Earlier, aerial photographs have been used to extract geological lineaments to understand the structural deformation (Lattman 1958). The advancement of technology and introduction of remote sensing have made geological mapping easier than ever before (Farina et al. 2005). Therefore, it is observed that remote sensing data and GIS software are extensively used to extract lineaments (Qari 1991; Qari and Şen 1994; Chang et al. 1998; Suzen and Toprak 1998; Arlegui and Soriano 1998; Leech et al. 2003; Nama 2004; Chandrasekhar et al. 2011; Teixeira et al. 2013; Das and Pardeshi 2018). Automatic extraction techniques are developed in late twentieth century; since then, several works have been carried out by different authors (Zlatopolsky 1992, 1997; Majumdar and Bhattacharya 1998; Costa and Starkey 2001; Mostafa and Bishta 2005); however, many researchers also focused on extraction of lineaments manually from Digital Terrain Model (DTM) or high-resolution satellite images (Henderson et al. 1996; Chaabouni et al. 2012; Raj et al. 2017). Manual extraction of lineament is more common when the objective is limited to trace only geological features (Das and Pardeshi 2018). Automatic extraction combines the information of both the geological as well as surface features present on the earth’s surface.

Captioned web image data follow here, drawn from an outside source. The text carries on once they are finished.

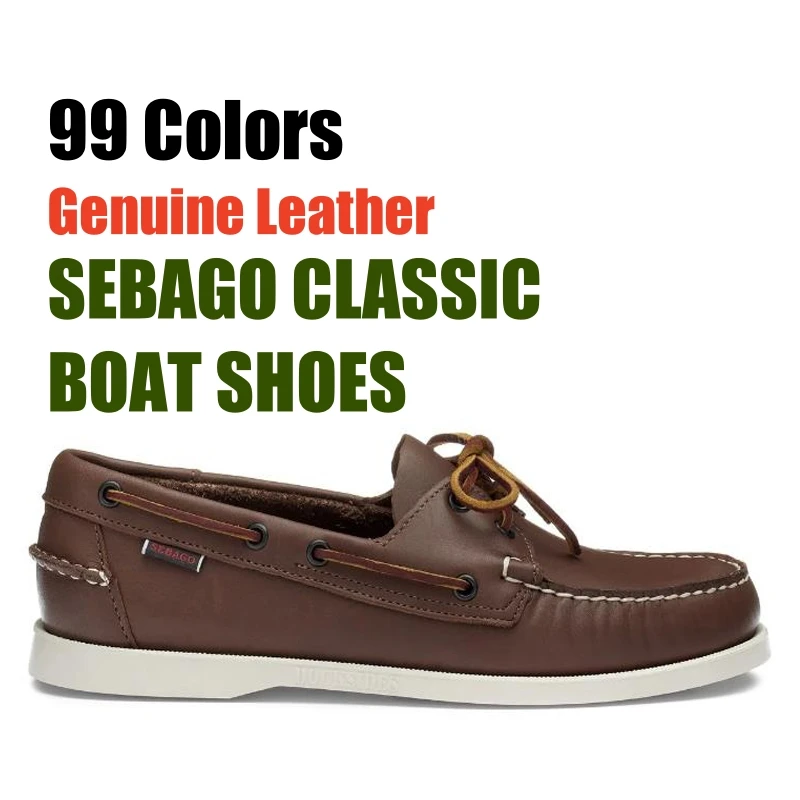 

Men Authentic Sebago Homme Docksides Shoes - Premium Genuine Suede Leather Moc Toe Lace Up Boat Shoes Women AB212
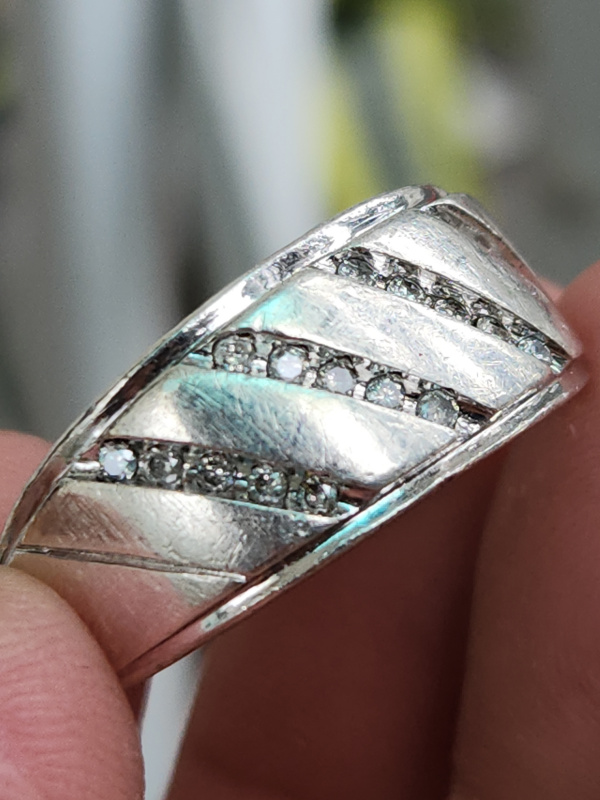 nhẫn mỹ bạc xưa cho nam đính kim cương thiên nhiên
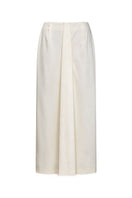 Ivory satin midi skirt by ELENAREVA featuring a smooth, shiny fabric and a sleek, elegant silhouette.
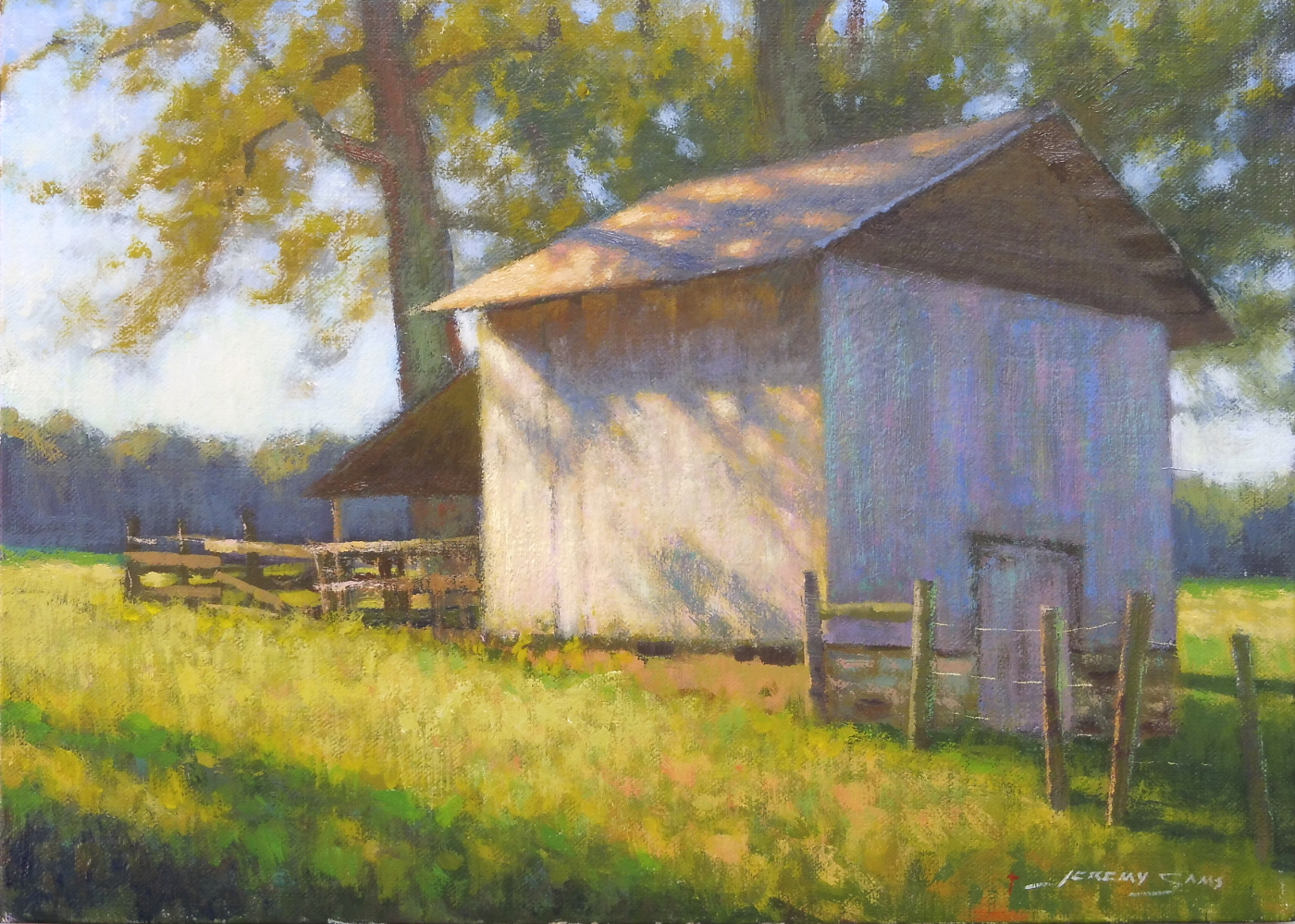 plein air painting of tobacco barn wilkes county by North Carolina artist Jeremy Sams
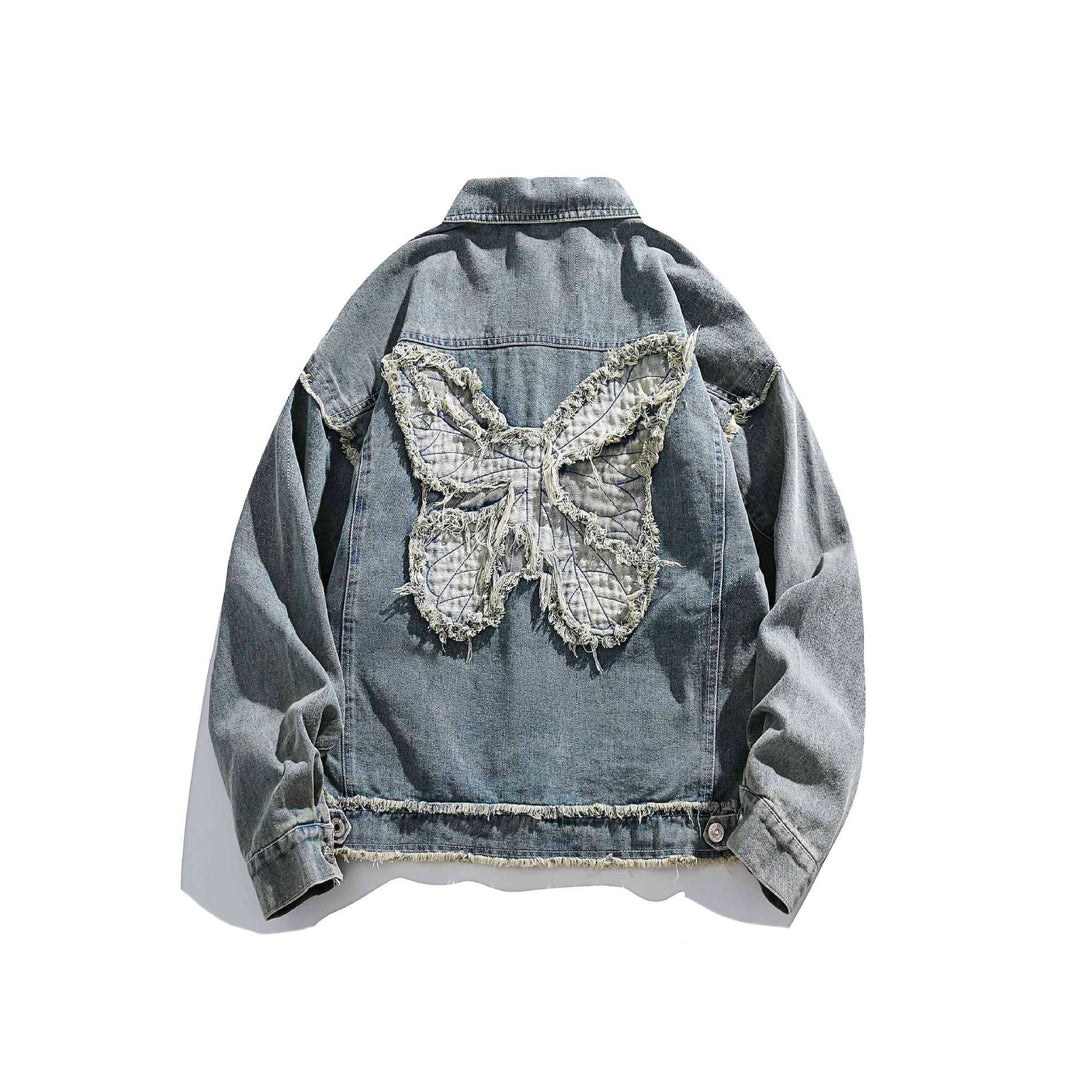 Unisex Oversize Denim-Blousonjacke mit Fransenabschlüssen und Utility-Taschen Drune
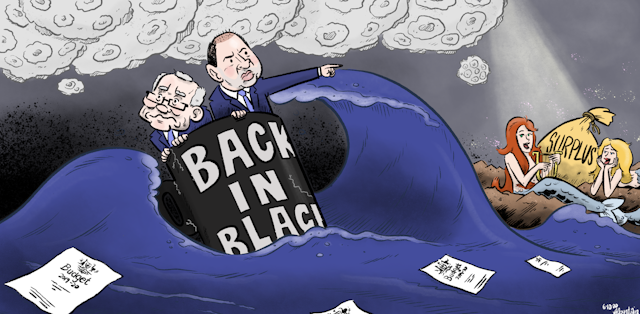 Morrison and Frydenberg riding tumultuous waves in their Back in Black mug. 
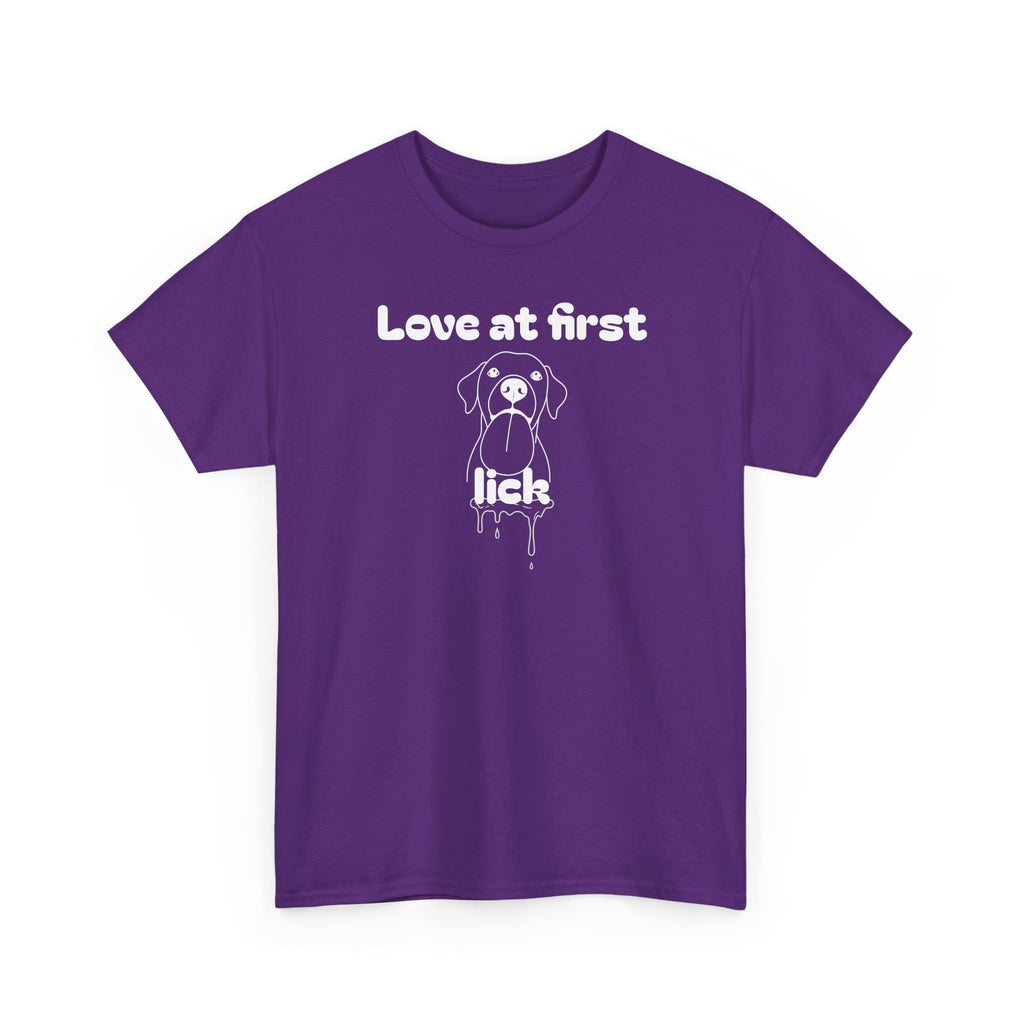 Unisex Pet Lover Tee - "Love at first lick" - Perfect for Dog Lovers, Animal Enthusiasts, Gifts, Casual Wear, Cute Fashion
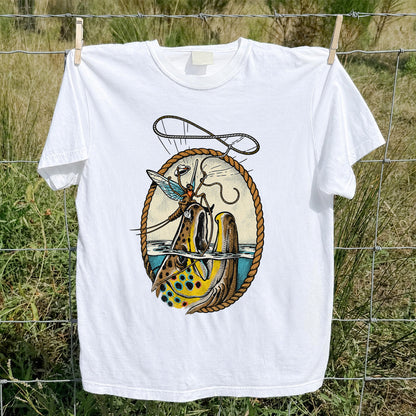 Brown Trout and Winged Fly Angler Vintage Fishing Graphic T-Shirt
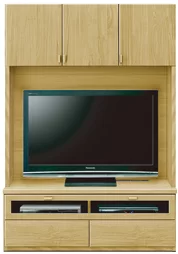 壁面収納型テレビボード（ハイタイプテレビ台）(幅126cm/オークナチュラル)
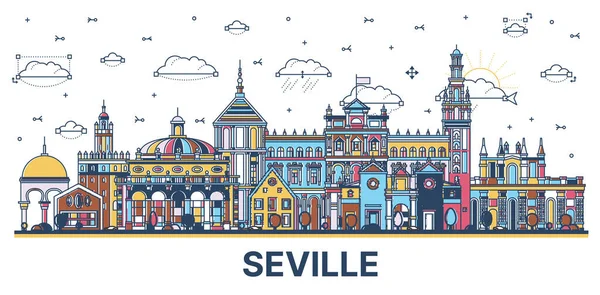 Umriss Sevilla Spanien City Skyline Mit Farbigen Historischen Gebäuden Isoliert — Stockvektor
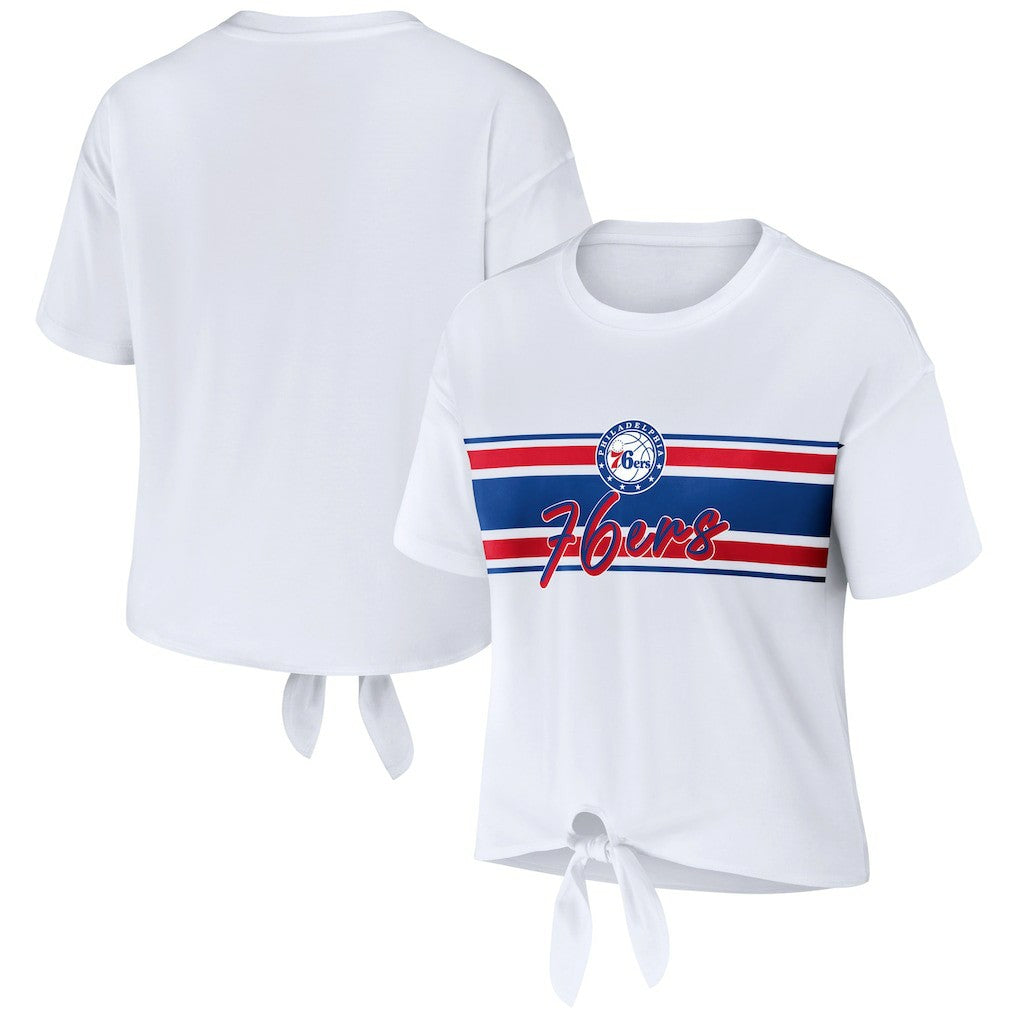 Philadelphia 76ers WEAR by Erin Andrews Women's Tie-Front T-Shirt White - NBA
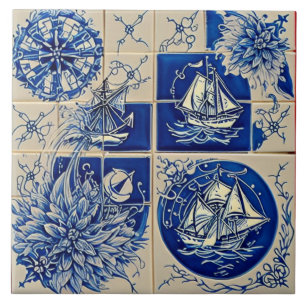 Nautical Marine Life traditional ceramic art no 9 Ceramic Tile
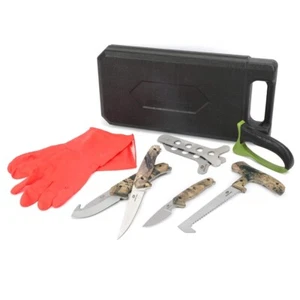 Hunting Field Dressing Kits Wood & Bone Saw Gut Hook Skinner Caping Knife W/Case - Picture 1 of 12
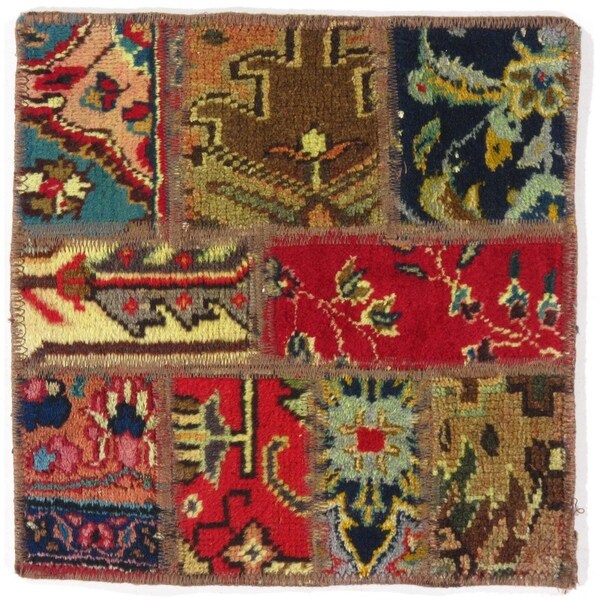 Pasargad DC Persian Patch Decorative Hand-Knotted Area Rug - 1'4" X 1'4"
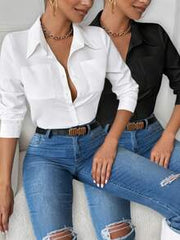 EMERY ROSE 2pcs/Set Solid Color Turndown Collar Double Pocket Long Sleeve Jumpsuit, Black & White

Review of earlier literature reveals that only a few researchers have made effort to extract lineaments and interpreted the structural features of the Pravara basin (Bondre et al. 2006). However, these studies are highly regional and describe a very general picture of geological lineaments and their orientation. Compared to the previous studies, this paper delivers the most comprehensive information of geological lineaments in the study area.
The aim of the present study is to extract geological lineaments of the Pravara basin by using remotely sensed data and GIS technology. Also, the objective is extended to understand the spatial concentration of lineaments in the study area, orientation, and the influence of lineaments on the drainage network.
Study area
Pravara basin is located in the eastern part of the Western Ghat, upland Maharashtra. Latitudinal and longitudinal extension of the study area is roughly 19° 25’ N - 19° 45’ N and 73° 35′ E - 74° 50′ E, lying in Maharashtra State, India (Fig. 1). The total area of Pravara basin is about 2600 km2. All the major streams in Pravara basin are originating from Western Ghat and flowing towards east. The main river draining within the study area is Pravara, which is a major tributary of Godavari river. Altitudinal variation of the study area is 404 to 1424 m above sea level, which represents moderate relief over the study area (Fig. 2). Mainly three types of broad physiographic divisions can be seen in the study area; the Western Ghats and its offshoot ranges with high elevation and steep slope in the western part, undulating pediment in the central part, and almost flat plateau with a gentle slope on the east of the Pravara basin. Almost the entire study area is covered by Deccan basalt of the Cretaceous-Eocene age (Fig. 3). The flat-lying basalt is (south facing regional dip of 0.5° to 1°) Thakurvadi formation of Kalsubai sub-group (Khadri et al. 1988; Subbarao and Hooper 1988). Few high peaks in the western part of Pravara basin are characterized by basalt lava of the Bhimashankar formation (Bondre et al. 2006). Extensive alluvium deposition (about 30 m thick in few regions) of the Quaternary period, overlie the basalt along the Pravara main river and few of its tributaries (Bondre et al. 2006; Das 2017). Mainly compound Pahoehoe basalt flows are found in this region having a thickness of 10 to 50 m (Bondre et al. 2000, 2004). The study area is characterized by numerous fractures, joints, and dikes. In the western part of the basin, these linear geological features can be identified clearly through the satellite images or aerial photographs due to the rugged terrain, lack of vegetation cover. Consequently, in the eastern part of Pravara basin, these features are hard to see in aerial photographs or satellite images because of the relatively flat topography and deep alluvium deposition, dense vegetation, and agricultural land. Most of the lineaments in this area can easily be followed by several kilometers. Numerous dikes of Plagioclase, Olivine, Clinopyroxene, and Aluminum-Oxide are found with N-S, NNW-SSE, and NNE-SSW direction within the study area (Bondre et al. 2006).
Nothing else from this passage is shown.